Taking in his nieces and nephew while their mother, his sister, struggled with drug addiction, the character Bernie Mac played was doing the hard thing, the interesting thing, and the right thing, but he was no saint. Life in the tumultuous Mac household was a far piece from the tranquilized house of Huxtable. (Bernie Mac did sometimes wear a multi-colored crew-neck pullover that his kids rolled their eyes at. It was sometimes identified as a "Cosby sweater" by the white marker pen that occasionally scrawled notes and arrows across the screen.) In the "belt" episode, Bernie Mac's character sang the praises of corporeal punishment, arguing that his mother, Big Mama's, enthusiastic use of the belt had only helped him. By the end of the episode, Bernie learned that dispensing terror in an attempt to quell terror turns you into -- surprise! -- a terrorist. But that lesson alone would have been too easy for real-politic of the Bernie Mac Show, Instead, it went a step further, as Bernie concluded that while actually using the belt is wrong, the threat of the belt could be an effective deterrent. It's hard to imagine the Brady Bunch carrying off a belt episode with such perfect pitch. This was a classic Bernie Mac -- exploring taboos, and getting out around them. Ditto Bernie's occasional threat, when pushed to the point of wild-eyed apoplexy by a misbehaving child, to "bust your head 'til the white meat shows." He never meant it, the kids knew it, and somehow, it was funny. But the most touching show, the one that left me in tears, was the one where nephew Jordan invents a wildly elaborate and unbeknownst to him, inaccurate life story for his absent father, and Bernie Mac, ultimately, decides to let the fantasy be.

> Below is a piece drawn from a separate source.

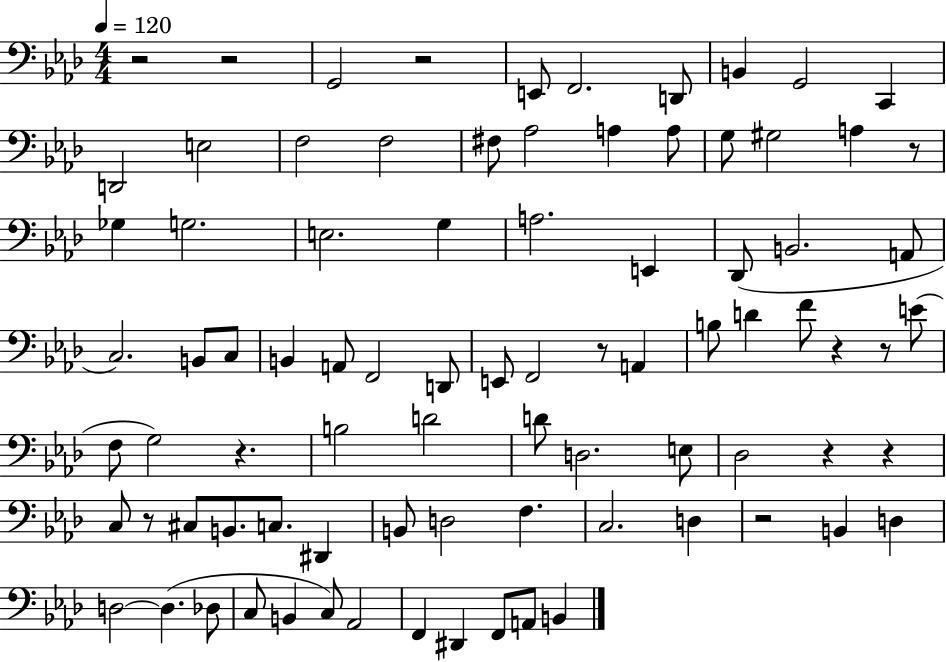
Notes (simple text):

Occasionally, late at night, savoring these things like a thimbleful of great single-malt, I noticed scenes where Bernie Mac's face looked puffy, and he seemed less bright-eyed than usual. I wondered at it, but chalked it up to the rigors of shooting a weekly sitcom. I didn't know that Bernie Mac had been battling serious lung disease for more than a decade. (In 2005, the final year of the show's reign on primetime, Bernie Mac announced the disease had gone into remission.) So, like a lot of other people, I was stunned when news of his sudden death came a week ago Saturday. How was it possible? He was only 50 years old. Hadn't he just spoken at that Obama rally in Chicago, and even earned himself a gentle reprimand from the candidate for working too blue? Shoot, I'd already been imagining Bernie Mac performing at an Obama White House, maybe even enlivening the somnolent Kennedy Center Honors.

That won't happen now. And America, that's terrible. It feels real bad. Feels like, well, like somebody hit me upside the head.